Brüssel Urteil bei Pkw-Maut könnte erst in fünf Jahren kommen

Brüssel · Das Schicksal der von der CSU vorangetriebenen Pkw-Maut entscheidet sich vor dem Europäischen Gerichtshof (EuGH). Die EU-Kommission teilte gestern mit, dass Deutschland ihre grundsätzlichen Bedenken gegen die Maut nicht ausgeräumt habe. Sie werde Deutschland nun vor dem EuGH verklagen. "Nach Auffassung der Kommission ist die Pkw-Maut diskriminierend", erklärte die EU.

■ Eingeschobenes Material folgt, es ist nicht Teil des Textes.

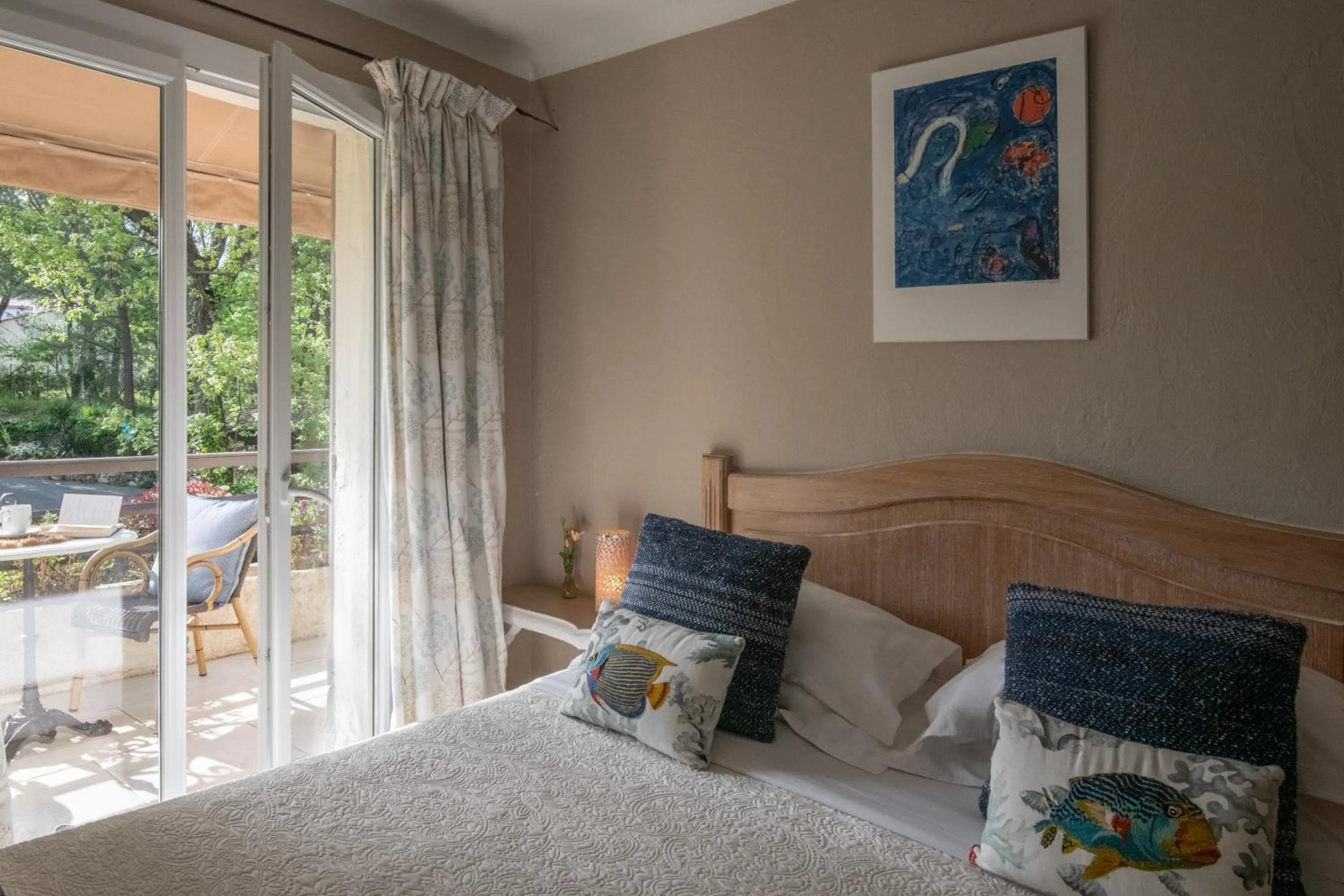 Bed in Hotel Les Messugues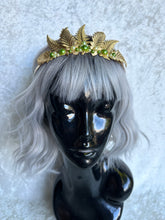 Load image into Gallery viewer, Green Garden Brass Fern Crown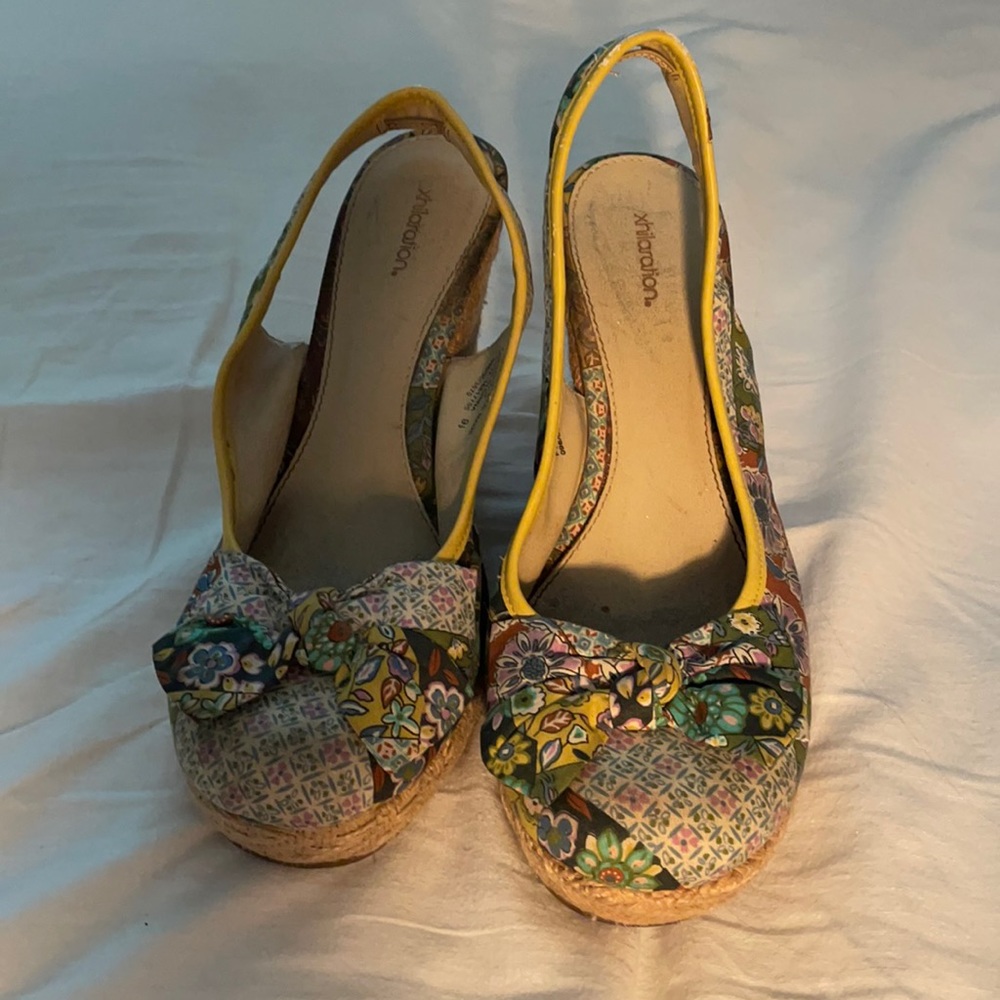 floral wedges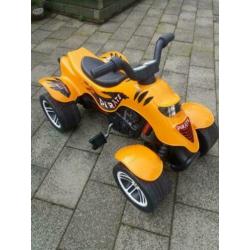 Kinderquad met trappers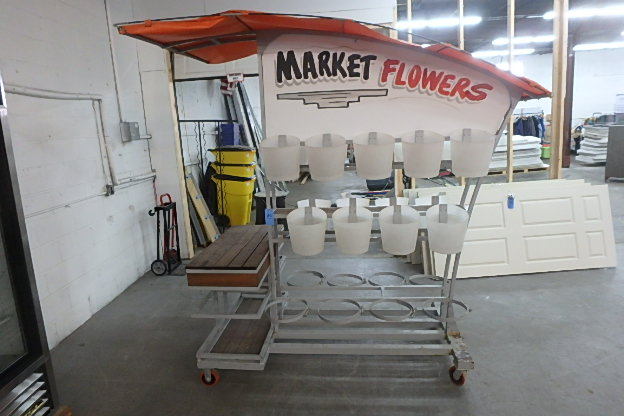 lot 21 image: Large Vendor Cart
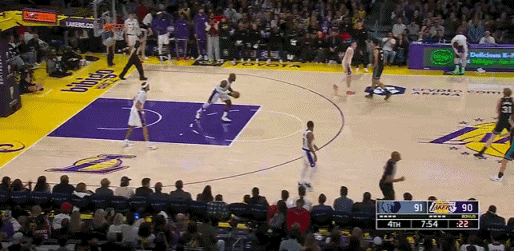 进攻犯规~！双方还有口角~！！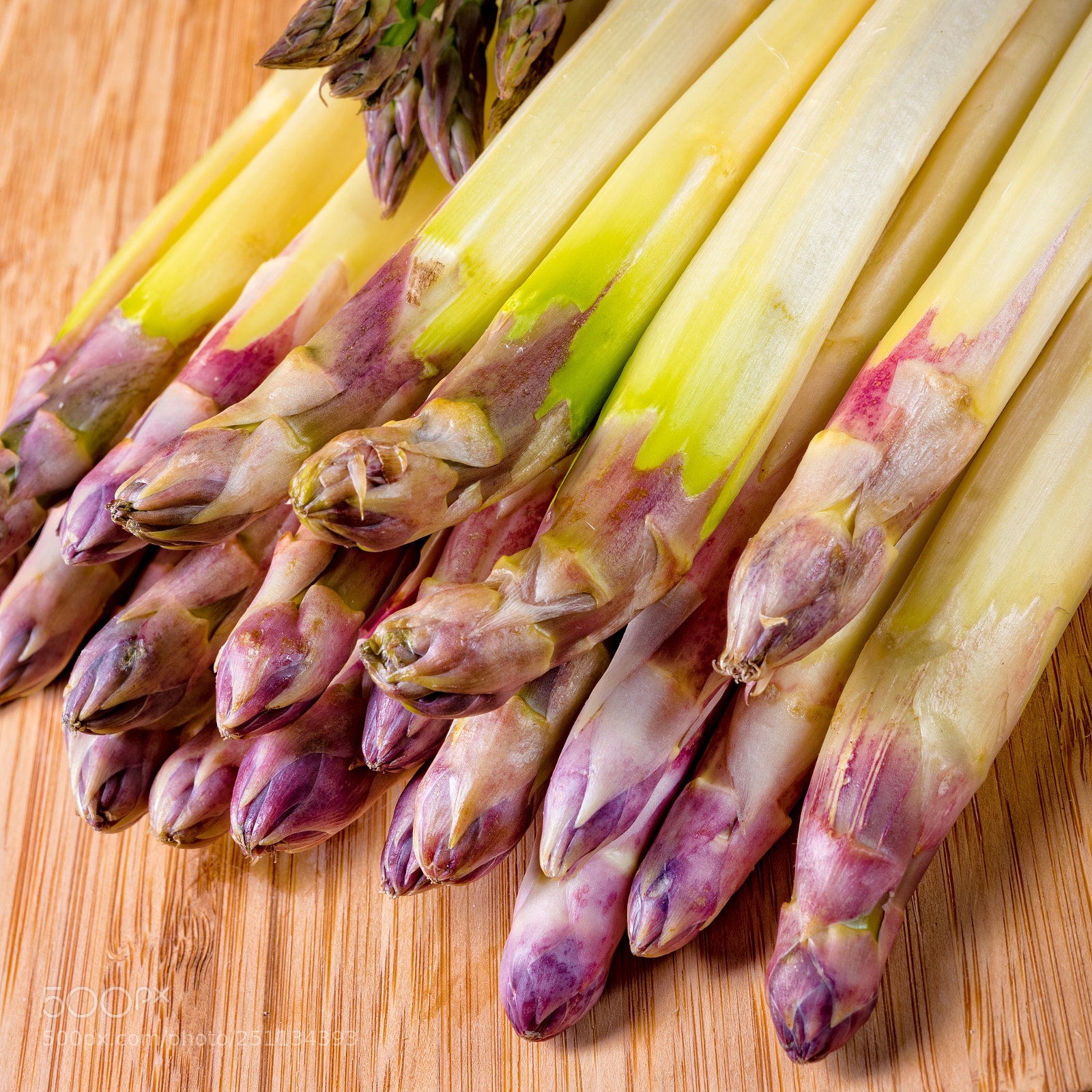 Nikon D810 sample photo. White and green asparagus photography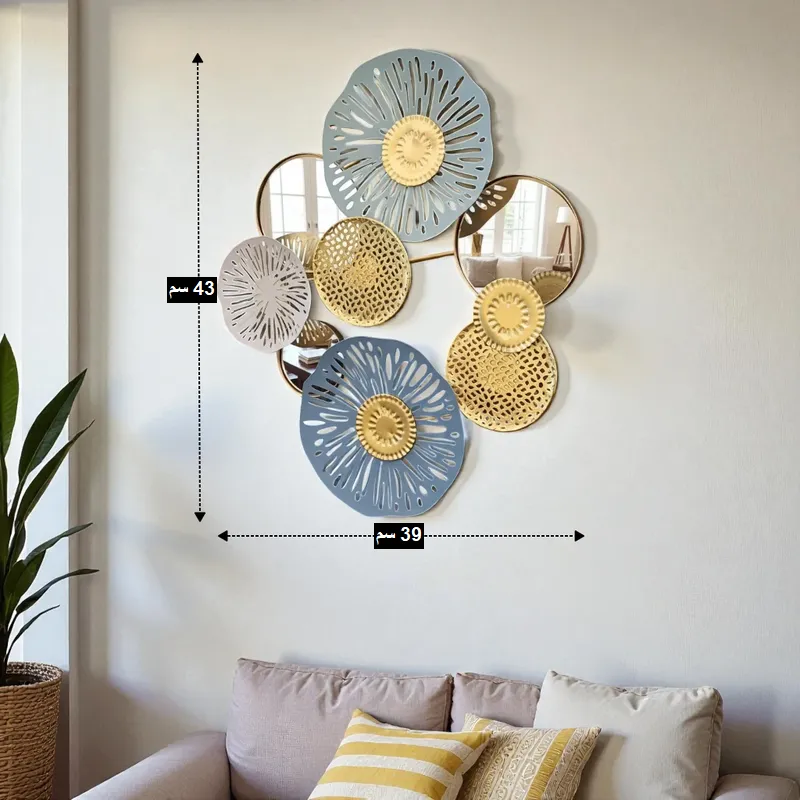 لوحة ديكور معدنية حديثة بتصميم زهور ذهبية وزرقاء وبيضاء، مع 3 مرايا دائرية مدمجة، تظهر أبعاد 39 سم عرض و 43 سم ارتفاع.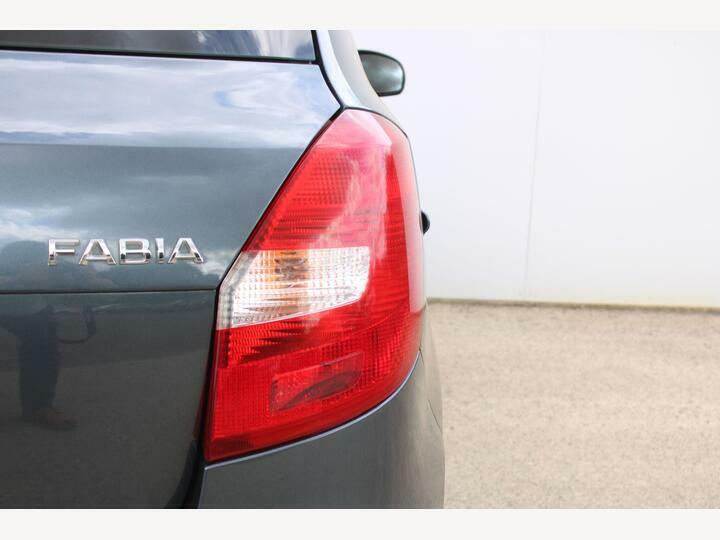 Skoda Fabia 1.4 Tsi Vrs S2000 Dsg Euro 5 Grey #10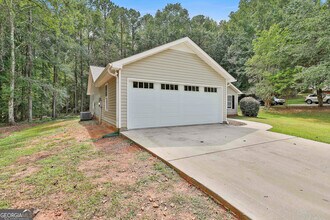 20 Beaver Ct in Newnan, GA - Building Photo - Building Photo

Die Maut sollte schon Anfang 2016 in Kraft treten. Sie liegt wegen des Streits mit der EU-Kommission aber auf Eis. Die deutsche Maut würde zwar für In- und Ausländer fällig. Inländer sollen aber über die Kfz-Steuer genau in Höhe der Maut entlastet werden. Dies führte faktisch zu einer Befreiung von der Maut, kritisierte die Kommission. Sie sieht darin eine Diskriminierung ausländischer Autofahrer. Zudem seien die Preise für Kurzzeitvignetten (für Zeiträume unter einem Jahr) in einigen Fällen unverhältnismäßig hoch, so die EU. Diese Vignetten soll es für in anderen Ländern zugelassene Fahrzeuge geben.

Bundesverkehrsminister Alexander Dobrindt (CSU) gab sich zuversichtlich: "Endlich macht die Kommission den nächsten Schritt. Brüssel hat das Verfahren schon viel zu lange verzögert. Die Infrastrukturabgabe ist europarechtskonform, das wird der Europäische Gerichtshof bestätigen." Der Koalitionspartner SPD blieb auf Distanz. "Die Maut war nie eine Herzensangelegenheit der SPD", sagte die Geschäftsführerin der SPD-Bundestagsfraktion, Christine Lambrecht. Man habe dieses CSU-Projekt trotz zahlreicher Bedenken mitgetragen, weil die SPD im Gegenzug zentrale Forderungen wie den Mindestlohn, die Mietpreisbremse und die Frauenquote durchsetzen konnte.

Allerdings rechnet niemand damit, dass der Europäische Gerichtshof noch vor der Bundestagswahl 2017 ein Urteil fällt. Beobachter gehen davon aus, dass das Gerichtsverfahren bis zu fünf Jahre dauern könnte. Das Urteil wird Dobrindt kaum mehr als Verkehrsminister erleben. Gravierende Konsequenzen drohen Deutschland selbst bei einer Verurteilung nicht. Denn die Bundesregierung hat die umstrittene Pkw-Maut auf Eis gelegt, als die EU-Kommission ein Vertragsverletzungsverfahren angekündigt hat. Damit wurde das Gesetz, mit dem womöglich gegen EU-Recht verstoßen wird, niemals angewendet. Daher dürfen auch keine Strafzahlungen gegen Deutschland verhängt werden.

Nach EU-Recht dürfen die Mitgliedstaaten zwar Straßenbenutzungsgebühren für Lkw und Pkw einführen. Dann muss aber gleiches Recht für alle gelten. "Eine Straßennutzungsgebühr ist nur EU-konform, wenn sie nicht aufgrund der Staatsangehörigkeit diskriminiert", hatte EU-Verkehrskommissarin Violeta Bulc bereits zum Start der Untersuchung 2015 gesagt.

Grünen-Fraktionschef Anton Hofreiter sprach von einer "Klatsche mit Ansage", die "hochnotpeinlich" sei für die Bundesregierung. "Für die Bundesregierung ist es überfällig, diese Maut endlich zurückzuziehen, um noch größeren Schaden zu vermeiden." Der Verkehrsclub Deutschland erklärte, die Pkw-Maut sei "ökologisch sinnlos, unsozial und ausländerfeindlich".